# [What you are asked to do]
Nothing should appear in the answer except the lines from the one containing "Universal LED Beleuchtungs-Set" through the end of the listing, repeated exactly.
Start of Block
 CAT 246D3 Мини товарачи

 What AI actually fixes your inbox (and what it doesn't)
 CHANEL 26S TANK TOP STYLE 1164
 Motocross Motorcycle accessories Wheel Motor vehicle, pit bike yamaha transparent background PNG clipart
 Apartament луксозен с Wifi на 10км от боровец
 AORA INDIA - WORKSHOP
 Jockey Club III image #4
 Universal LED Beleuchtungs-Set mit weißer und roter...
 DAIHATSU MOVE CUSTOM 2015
End of Block
# [Reply]
 Universal LED Beleuchtungs-Set mit weißer und roter...
 DAIHATSU MOVE CUSTOM 2015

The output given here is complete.